Once set the chocolate was flaked using a food processor. Consumers
tasted the samples of flaked chocolate which were presented in
blind-coded pottles with spoons.
[0363] Consumers sorted 12 samples in to groups based on similarity
of flavour, and then on the second night they rated the intensity
of 12 flavours (descriptors) for 8 of the 12 samples in an
incomplete block design. Consumers were free to apply their own
definitions of each flavour they measured. Samples were presented
blind and identified only by 3-digit codes. The consumers were
screened for milk chocolate consumption and ability to describe
differences in milk chocolate flavours.
Results
[0364] FIG. 8 presents the consumer sensory profiles of Brands A
and B, and the samples of each which include exemplary flavour
concentrate DF300. From this the difference made by the addition of
exemplary flavour concentrates of the invention can be clearly
seen. [0365] Both exemplary flavour compositions DF300 and DF400
were added to Brand A, and as the charts in FIG. 8 show, altered
the consumer sensory profile of Brand A. [0366] Brand B flavour
intensity was increased by the addition at 2% of the exemplary
flavour concentrates DF300.
[0367] The mean consumer caramel flavour intensity is presented in
FIG. 9. The addition of exemplary flavour concentrates of the
invention increased the caramel intensity, with the largest
increase from the addition of 2% DF 400. As described above,
caramel is the key flavour associated with the crumb process.

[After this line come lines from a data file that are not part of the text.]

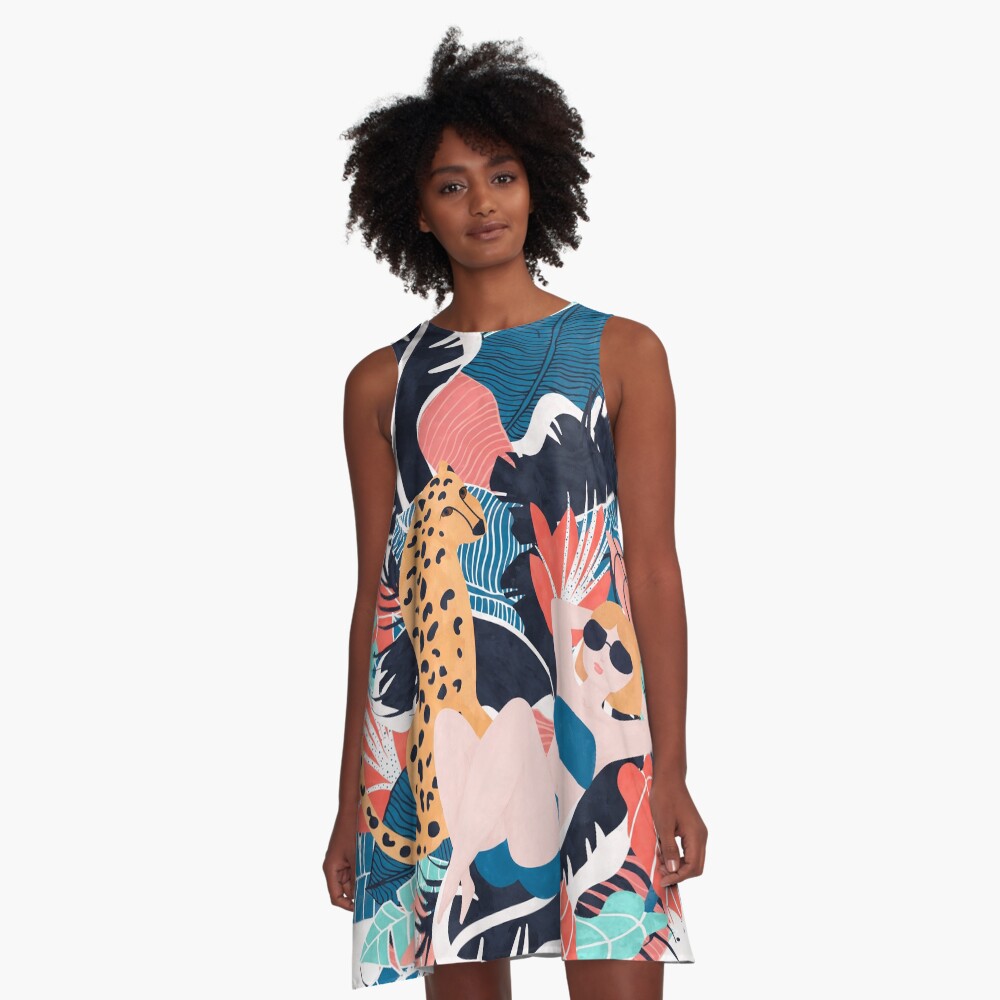 Vista previa del artículo con la obra «Vestido acampanado», diseñado y vendido por Lidiebug.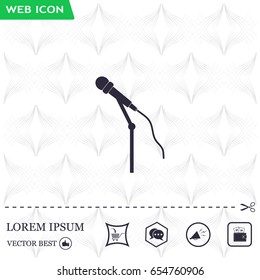 microphone web icon, flat design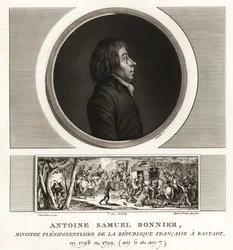 Antoine Samuel Bonnier, Gevolmachtigd Minister van de Franse Republiek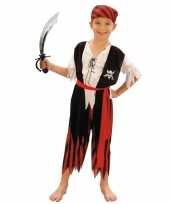 Originele piraten carnavalskleding maat s zwaard kinderen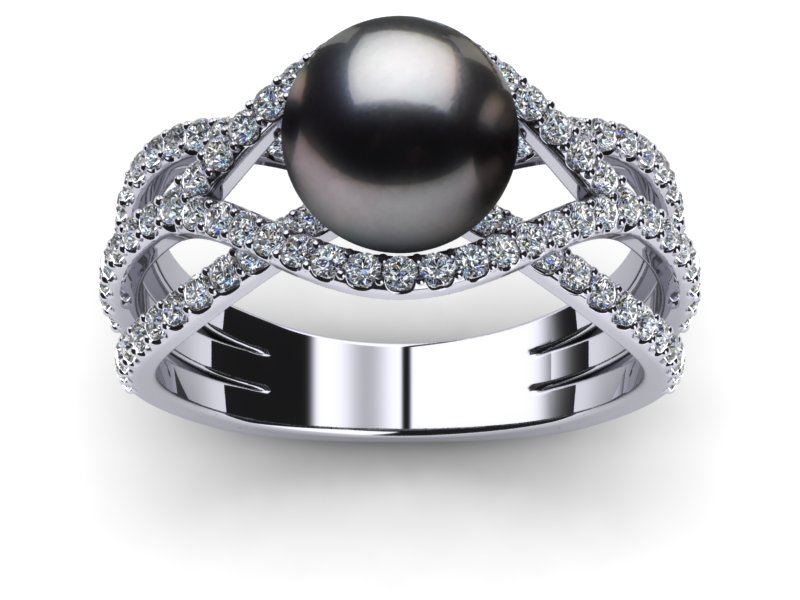 Tahitian Pearl Rainbow Ring
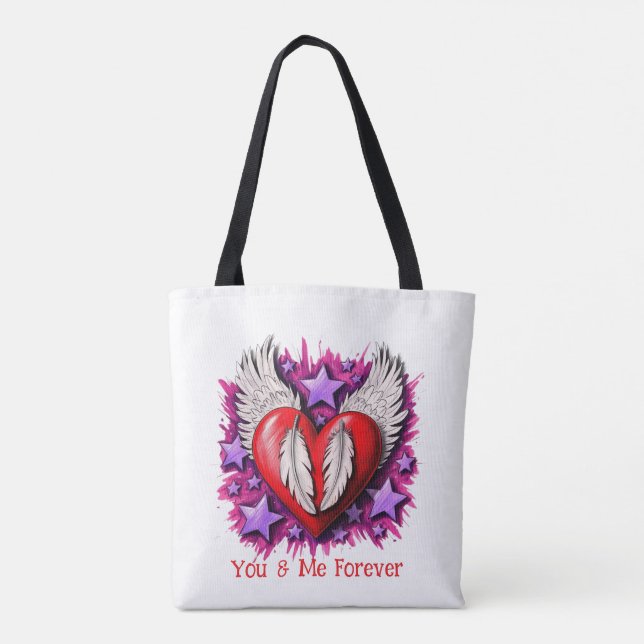 Bolso De Tela Te quiero personalizado (Reverso)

[0368] Bitterness was reduced in Brand A with the addition of
exemplary flavour concentrates of the invention, as shown in FIG.

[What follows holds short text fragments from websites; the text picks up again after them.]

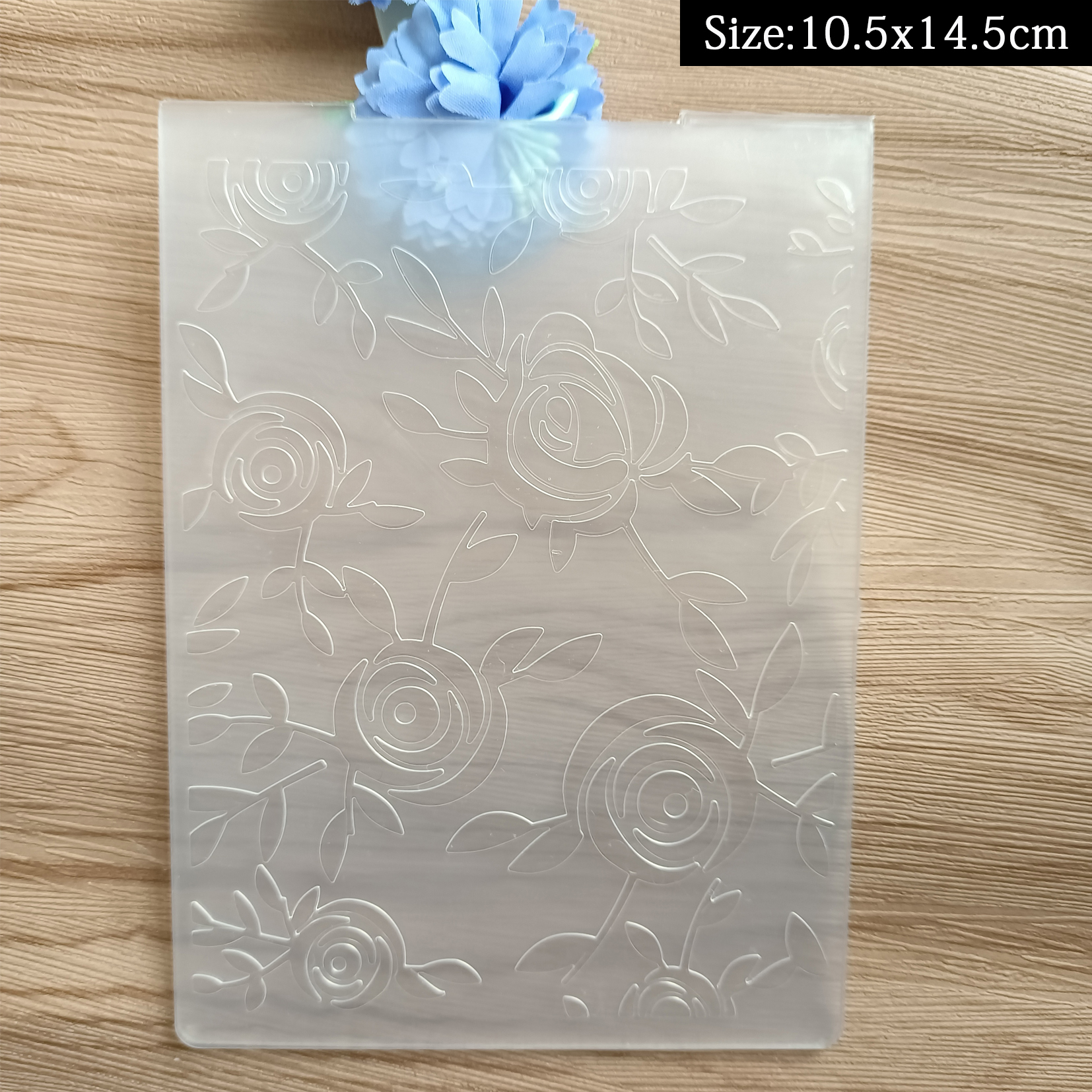 Carpeta de relieve de flores rosas para álbum de recortes, manualidades DIY, con 11 patrones diferentes/árboles/hojas/flores: FD-162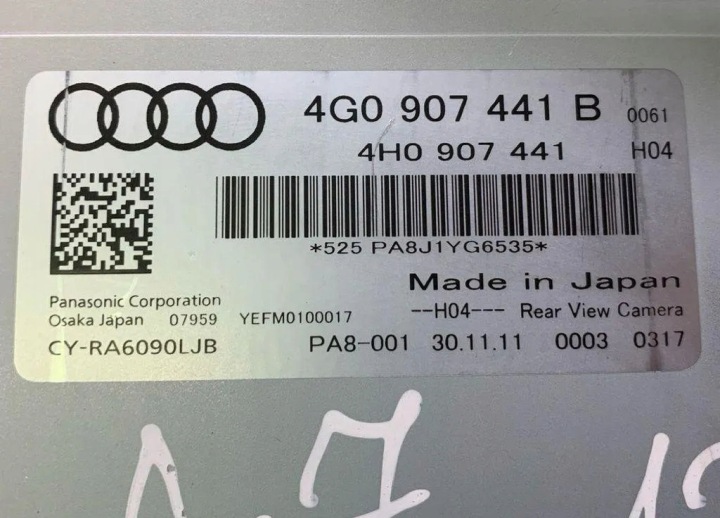 фото №7, Модуль камеры заднего хода audi a7 sportback 4ga, 4gf 4g0907441b 3.0l бензин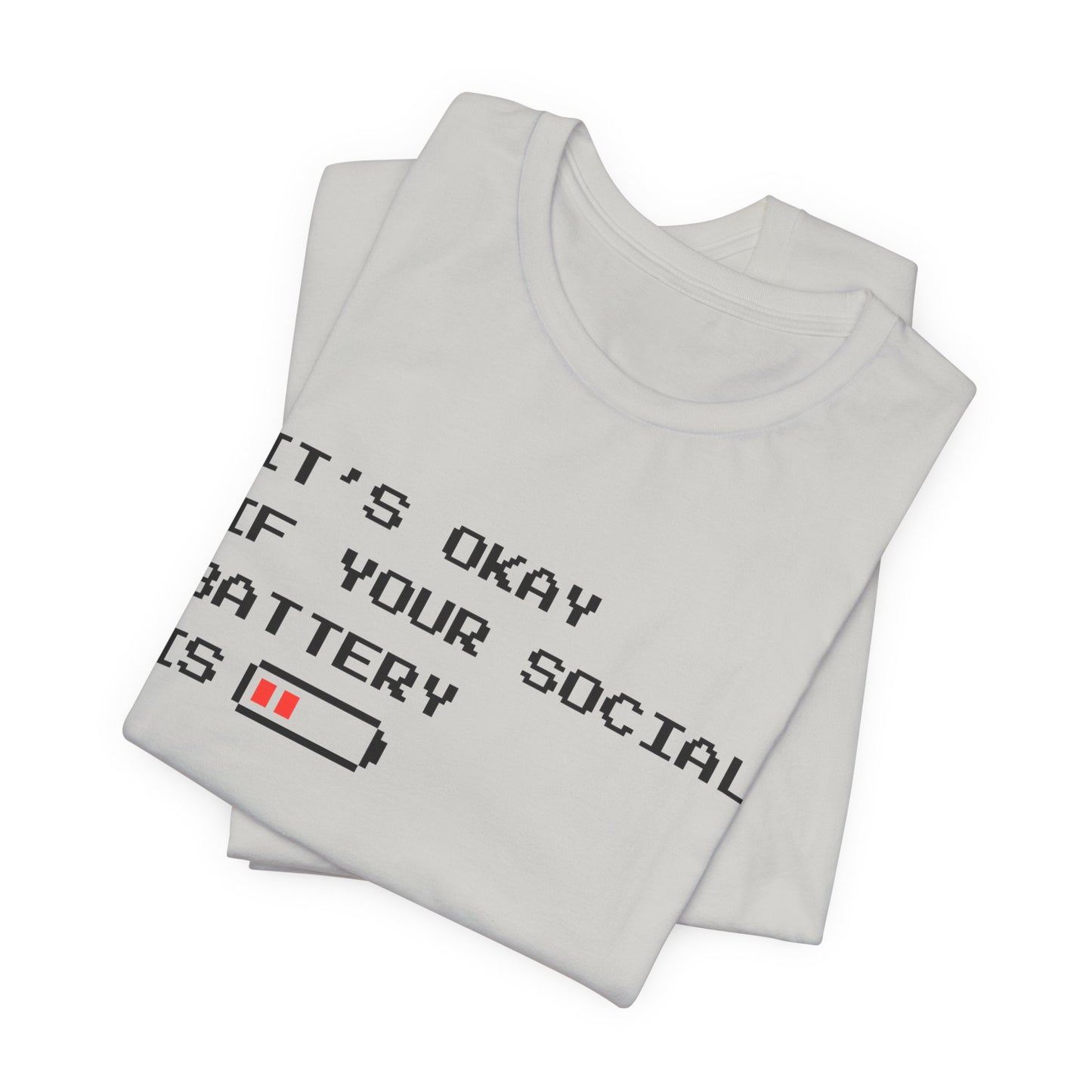 Social Battery Low T‑Shirt – Light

10. The rate of addition of DF300 or DF400 between 2-4% did not
appear to have affected the reduction in bitterness.
Example 11
Introduction
[0369] This example describes two trials to investigate the
consumer liking and sensory characteristics of prototype milk
chocolates containing exemplary flavour composition 300 compared to
Brand A Milk Chocolate formulation.
[0370] The key comparison in these trials was between the usual
Brand A formulation which contains CDBP) used to impart caramel
flavour to the chocolate, and an alternate formulation containing
2% exemplary flavour concentrate DF300 together with a standard
Fonterra whole milk powder (WMP). As described herein, the
production of caramel flavours are an important benefit of the
chocolate `crumb` process which is used extensively worldwide to
manufacture milk chocolate. Brand A is not manufactured from
`crumb`, but rather uses CDBP to assist in imparting these
desirable flavours to the chocolate.
Methods
Acceptability and Attribute Intensity Testing
[0371] In both trials the acceptability and key consumer
descriptors of each chocolate sample was measured. The trials
tested if the acceptability and descriptor intensities were the
same for each chocolate formulation. Open-ended like and dislike
questions were also posed, to allow respondents to comment on
anything not covered by the descriptor questions.
Consumer descriptors: [0372] Flavours: chocolate flavour intensity,
sweetness, creaminess and caramel intensity (Trial 3 only) [0373]
Textures: creaminess and in-mouth residue (mouthcoating) Consumer
Acceptability: overall liking, flavour liking, texture liking
[0374] Samples of the general population of milk chocolate
consumers were used to test the chocolate (Table 16). Chocolate
consumption data (frequency and preferred brand) was also
collected.
TABLE-US-00015 TABLE 16 Number of respondents in Trials 2 and 3
Number of respondents (n) Population Trial 2 Trial 3 General 64 250
Brand A purchasers 24 110 High frequency consumers (>1 weekly)
42 120
[0375] The questionnaire used in these studies is illustrated in
FIG. 11.
[0376] Data analysis was carried out by ANOVA (General Linear
Model) on the general population data and the sub-groups of
interest (those who preferred Brand A and the high frequency
consumers >1 weekly).
Samples:
[0377] Consumers received two blind-coded samples of chocolate,
being two squares (from within a block) of each sample of chocolate
in foil bags which were presented in balanced order. Participants
evaluated the samples and recorded their responses into an
electronic questionnaire (Sawtooth software).
Trial 2:
[0378] In Trial 2, 64 consumers compared two hand-tempered bench
scale chocolate samples which were standardised for fat content
using locally sourced standard anhydrous milk fat (AMF): [0379] 1.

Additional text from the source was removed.